> _Work required_: Look through the listing below for the line containing "Gorgeous 2-bed Townhouse". Copy it and each line after it up to and including the line containing "R31//Ste Rose Du", exactly, leaving out pictures.

### Available data ###

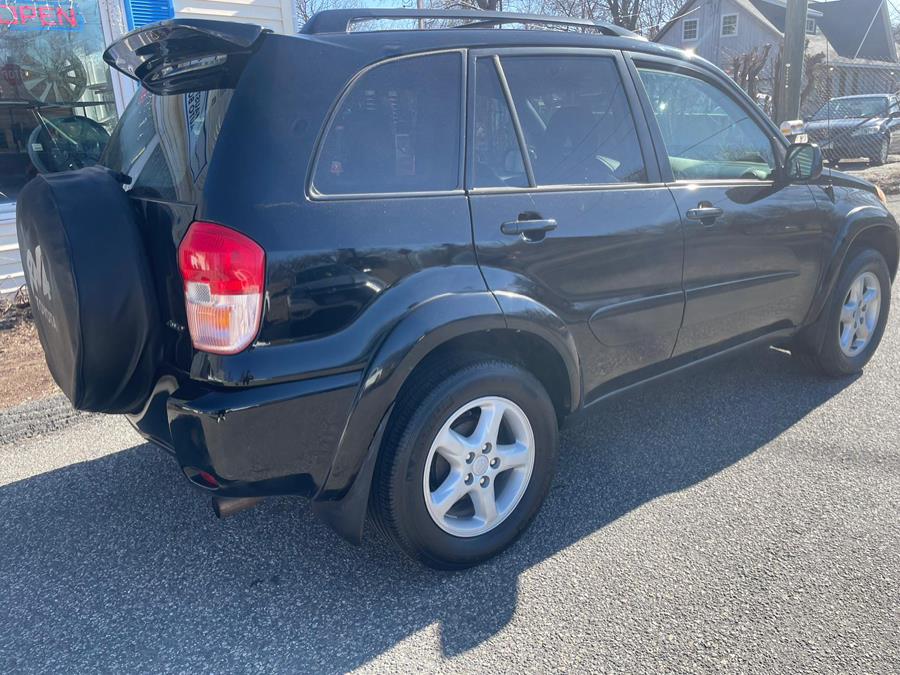 2003 Toyota RAV4 photo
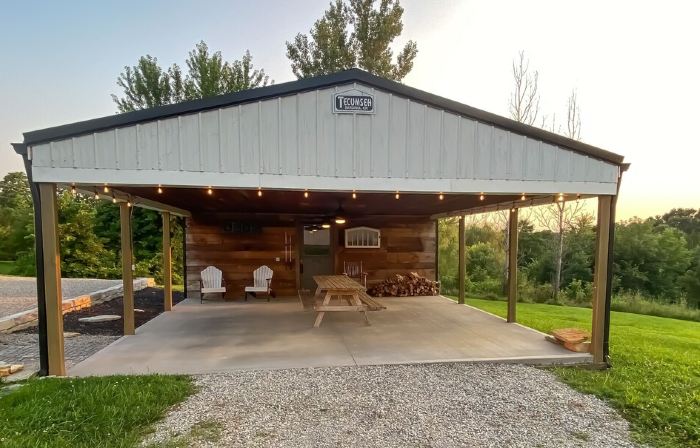 Modern Farmhouse, 3 bedrooms, 2 full baths, sleeps 8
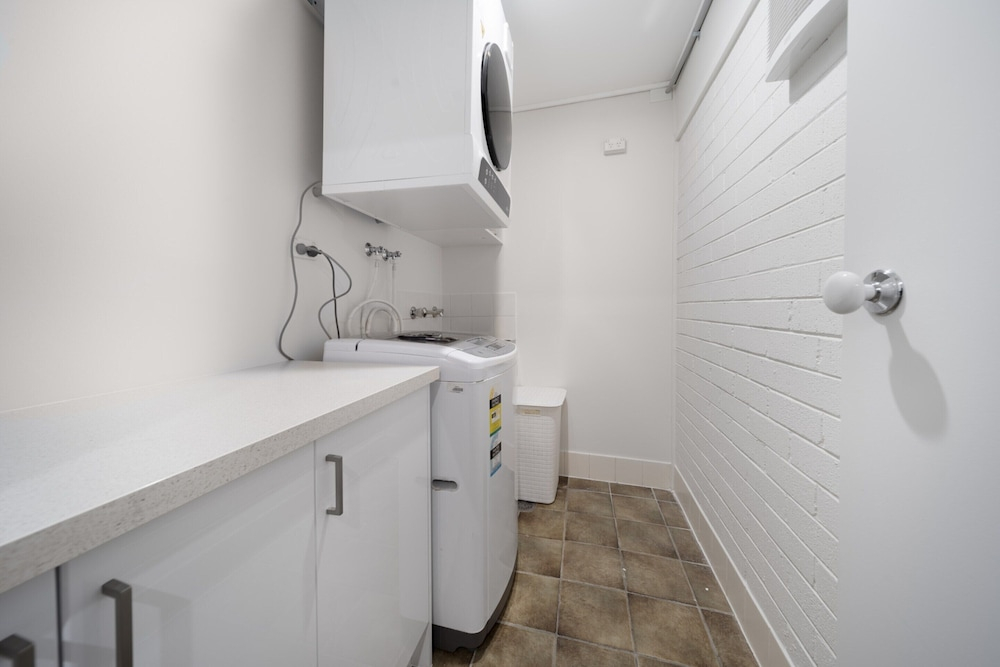 Gorgeous 2-bed Townhouse With Patio, BBQ & Parking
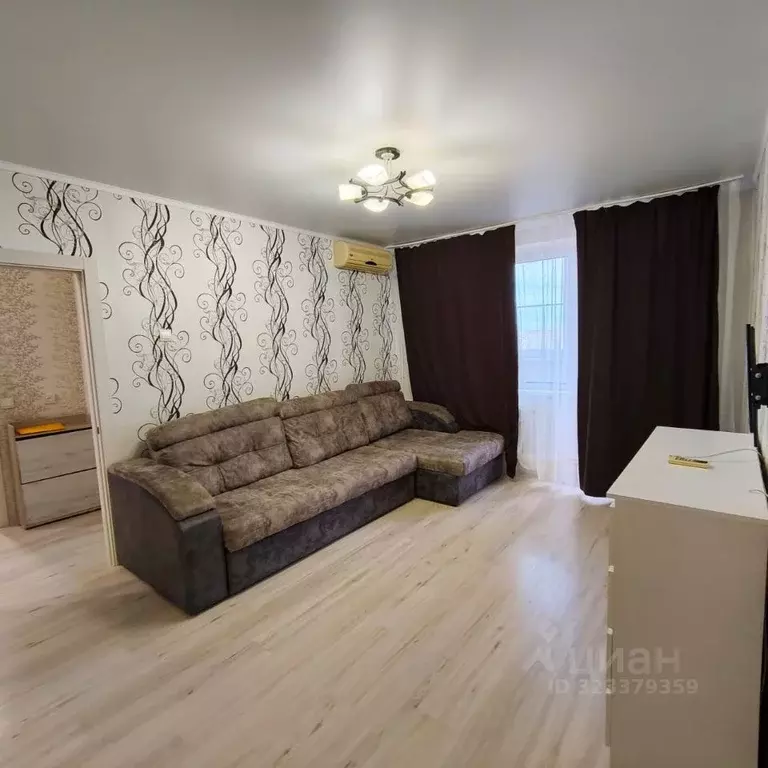 1-к кв. Татарстан, Казань 33-й Военный городок, 12 (37.0 м) - Фото 1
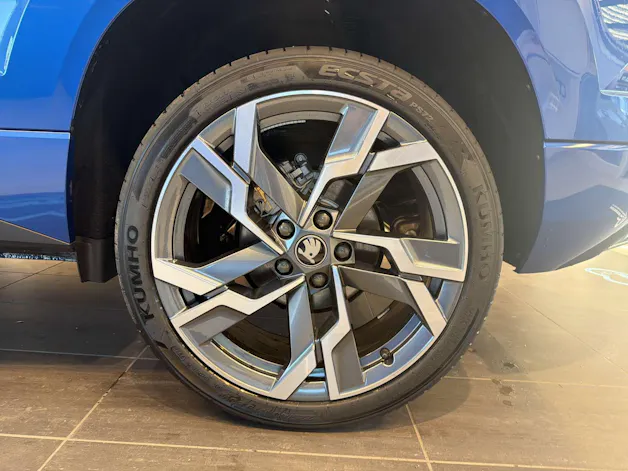 SKODA Karoq 1.5 TSi SportLine DSG-Automat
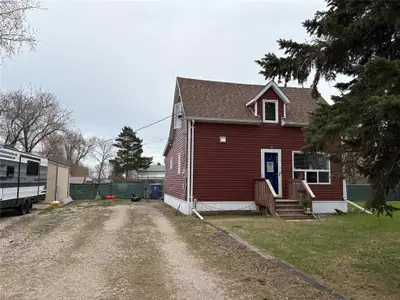 R31//Ste Rose Du Lac/COZY, UPDATED, AND SITUATED ON 3 LOTS IN STE. ROSE DU LAC! This well-maintained...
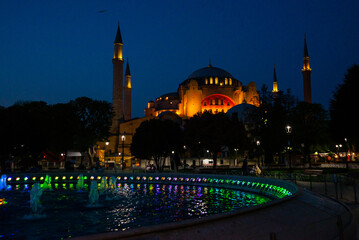 Fototapeta na wymiar ISTANBUL, TURKEY: Beautiful view of Hagia Sophia and fountain in the evening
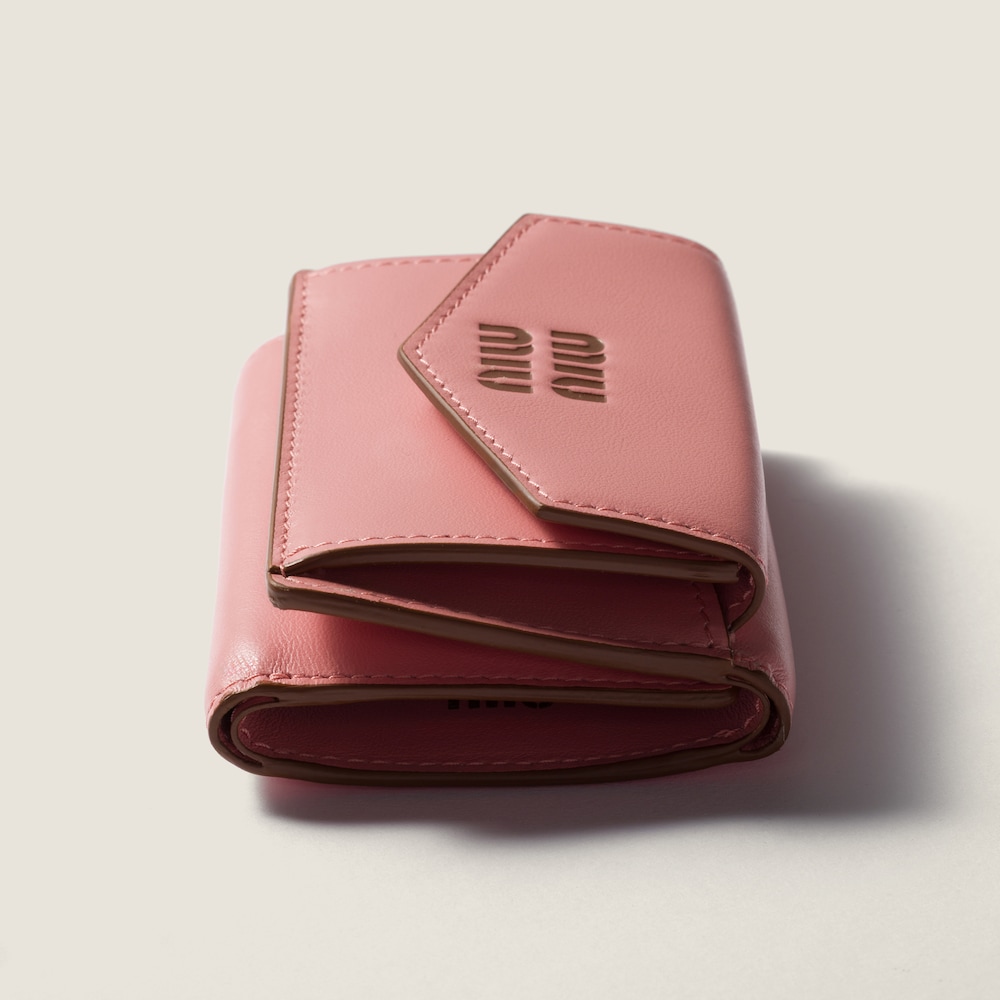 Miu Miu Small leather wallet Camelia / Cognac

###

> _Finished exercise_:
 Gorgeous 2-bed Townhouse With Patio, BBQ & Parking
 1-к кв. Татарстан, Казань 33-й Военный городок, 12 (37.0 м) - Фото 1
 SKODA Karoq 1.5 TSi SportLine DSG-Automat
 R31//Ste Rose Du Lac/COZY, UPDATED, AND SITUATED ON 3 LOTS IN STE. ROSE DU LAC! This well-maintained...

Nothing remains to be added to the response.